The Chief By Richard Khavkine
Municipal retirees notch another court victory, but Adams administration will appeal
Retired New York City municipal workers have scored yet another court victory in their ongoing efforts to prevent the city from switching them to a cost-saving private plan and stripping their Medigap coverage.
Published: May 21, 2024
City retirees secured yet another court victory in their bid to keep their traditional Medicare and no-cost supplemental coverage.
In a unanimous decision issued Tuesday, a State Supreme Court Appellate Division panel upheld a trial court finding that switching the retired municipal workers to a cost-saving private plan and stripping them of their Medigap coverage would break long-ago guarantees city officials made to employees.
“The City has made clear, consistent, unambiguous representations — oral and written — over the course of more than 50 years, that New York City municipal worker-retirees would have the option of receiving health care in the form of traditional Medicare with a City-paid supplemental plan. Consequently, the City cannot now mandate the proposed change eliminating that choice,” the four-justice panel of the Appellate Division’s First Department concluded.
The panel’s conclusion, upholding Manhattan Supreme Court Justice Lyle Frank’s August 2023 finding, marked the fourth time that courts have sided with the retirees. The city said it would appeal the ruling.
Marianne Pizzitola, the president of the New York City Organization of Public Service Retirees, one of the lead plaintiffs in the case, lauded the decision, but called the city’s attempts to switch the retirees to a private, for-profit benefits plan “shameful and, as the Court ruled today, unlawful.”
“Retired City workers dedicated, and in many cases risked, their lives for the City for relatively low pay. In return, they were promised certain basic healthcare benefits when they retired,” Pizzitola said in a statement.
The retirees’ lawyer, Jake Gardener, said he and his team were grateful for the court’s decision, which he said recognized the health-care rights of the former city workers.
“Because of the court's thoughtful, well-reasoned decision, hundreds of thousands of senior citizens and disabled first responders will be able to continue receiving the medical care they desperately need and to which they are entitled,” Gardener, a partner at Walden Macht & Haran LLP and a former FDNY firefighter, said by phone.
Adams administration officials have argued that shifting the retirees to a privately run plan would save the city as much as $600 million annually, with the savings derived from federal subsidies available to Medicare Advantage plans. In turn, the subsidies would help replenish the city’s Health Stabilization Fund, which supplements employee welfare funds.
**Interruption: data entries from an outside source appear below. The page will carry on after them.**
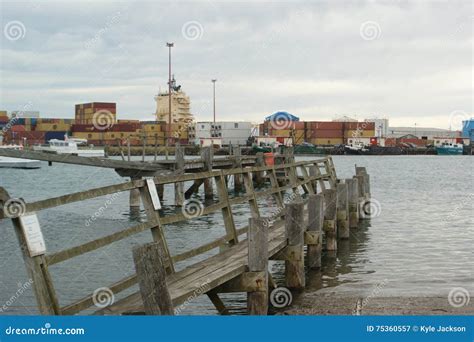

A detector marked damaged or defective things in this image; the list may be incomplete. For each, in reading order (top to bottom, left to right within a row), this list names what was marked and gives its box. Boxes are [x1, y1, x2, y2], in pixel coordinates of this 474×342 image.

broken wooden jetty [0, 150, 372, 316]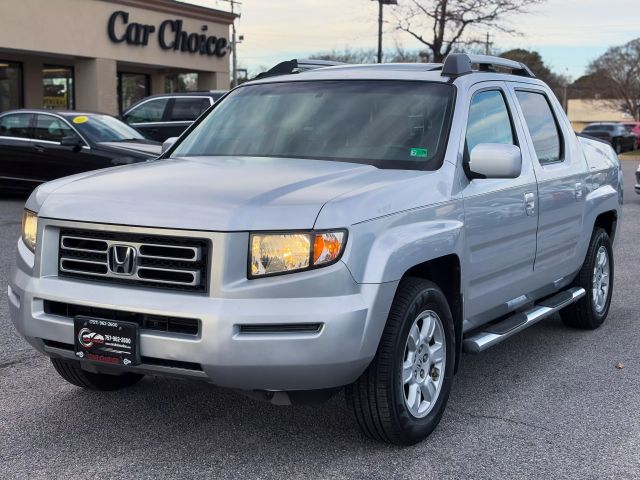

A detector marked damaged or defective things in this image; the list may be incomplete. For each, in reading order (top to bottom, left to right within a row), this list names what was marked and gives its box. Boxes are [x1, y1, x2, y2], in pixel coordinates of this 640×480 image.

pavement crack [448, 406, 552, 434]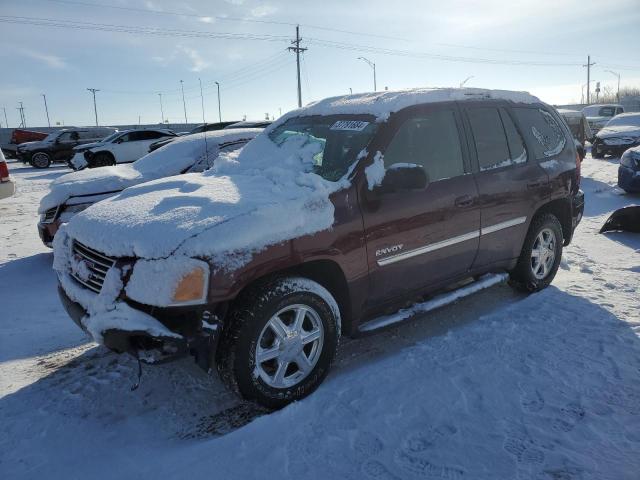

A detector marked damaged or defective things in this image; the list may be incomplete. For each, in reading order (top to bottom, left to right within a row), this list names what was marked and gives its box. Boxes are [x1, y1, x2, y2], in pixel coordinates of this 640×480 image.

damaged front bumper [58, 284, 222, 370]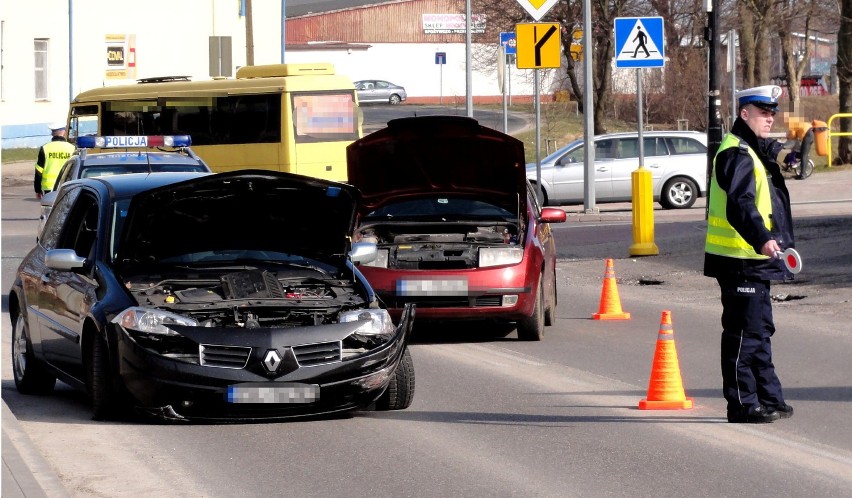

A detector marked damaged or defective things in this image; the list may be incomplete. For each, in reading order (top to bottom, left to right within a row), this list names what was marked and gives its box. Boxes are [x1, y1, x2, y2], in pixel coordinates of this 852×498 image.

red damaged car [346, 116, 564, 340]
The city intends to pursue the matter to the state’s highest court.
“The city will seek the Court of Appeal’s review of today’s ruling,” the director of public affairs for the city’s Law Department, Nicholas Paolucci, said in a statement. “The city's plan, which was negotiated closely with and supported by the Municipal Labor Committee, would improve upon retirees’ current plans and save $600 million annually. This is particularly important at a time when we are already facing significant fiscal and economic challenges."
A representative for the Municipal Labor Committee, the umbrella organization of city public-sector unions, which supports the switch to a Medicare Advantage, said the heads of the various unions would be meeting with attorneys to discuss the decision.
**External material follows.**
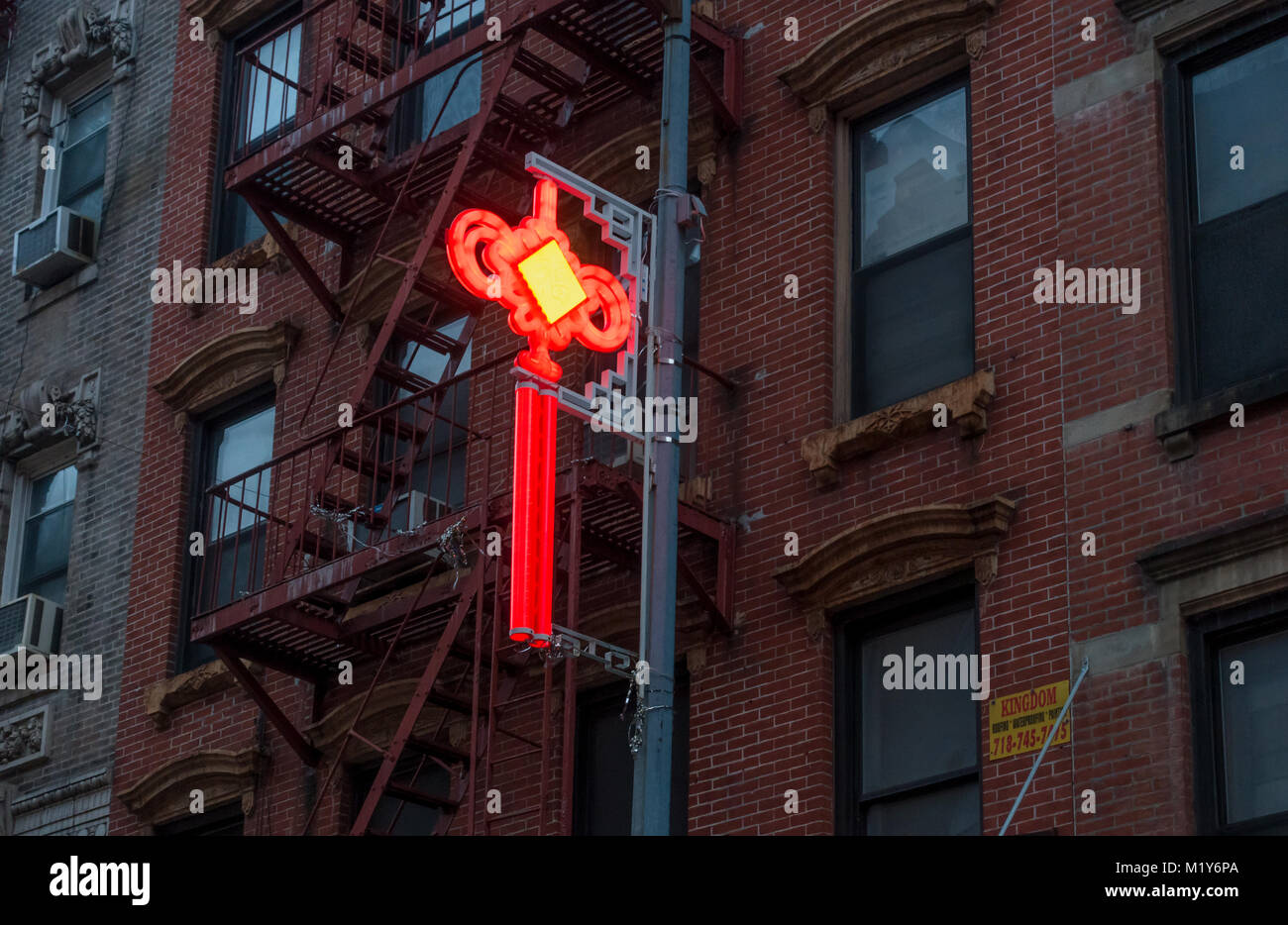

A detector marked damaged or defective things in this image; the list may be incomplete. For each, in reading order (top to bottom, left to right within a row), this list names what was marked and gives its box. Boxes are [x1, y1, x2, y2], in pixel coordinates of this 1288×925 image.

rusty fire escape [185, 0, 737, 836]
‘Significant evidentiary support’
The decision, written by Associate Justice Ellen Gesmer, underscored “the hundreds of affidavits,” including from former city officials and medical professionals, along with thousands of pages of documentary evidence, in support of the retirees.
It highlighted an affidavit by Lilliam Barrios-Paoli, herself a retired longtime city official who headed several departments, including that charged with personnel. Barrios-Paoli wrote that for decades the city’s human resources administrators had promised that retirees would have a choice of health plans and came to rely on those assurances.
“The guarantee of good healthcare in retirement — including the choice to participate in traditional Medicare with a City-paid supplemental plan — was an essential recruiting and retention tool,” Barrios-Paoli, in a passage cited in the decision, said in her affidavit.
Resuming a theme that emerged during the panel’s March 21 hearing on the matter, the decision noted that although city officials disputed claims from the retirees and health care experts, they “did not present any evidence controverting them,” and instead relied “heavily” on summary health-benefit program descriptions.
“Notably, respondents submitted not a single affidavit by any City official disputing Ms. Barrios-Paoli’s statements, thus effectively conceding them,” Gesmer wrote.
The justices also found that the city’s assertion, purportedly contained in a summary program description from 1989 but not included in the court record, that it reserved the right to change or even terminate benefits or health care plans was “insufficient to demonstrate that the promise was either qualified or too indefinite, as the reservation of rights was not included in any other SPD.”
The panel also highlighted the retirees’ claims, in “unrebutted affidavits,” that they pursued public employment at least in part because of promises of health care, even though they could have earned more money in the private sector.
“The particular manner in which the parties chose to litigate this action before [the] Supreme Court resulted in a record with significant evidentiary support for petitioners’ position and very little support for respondents’ position,” Gesmer wrote.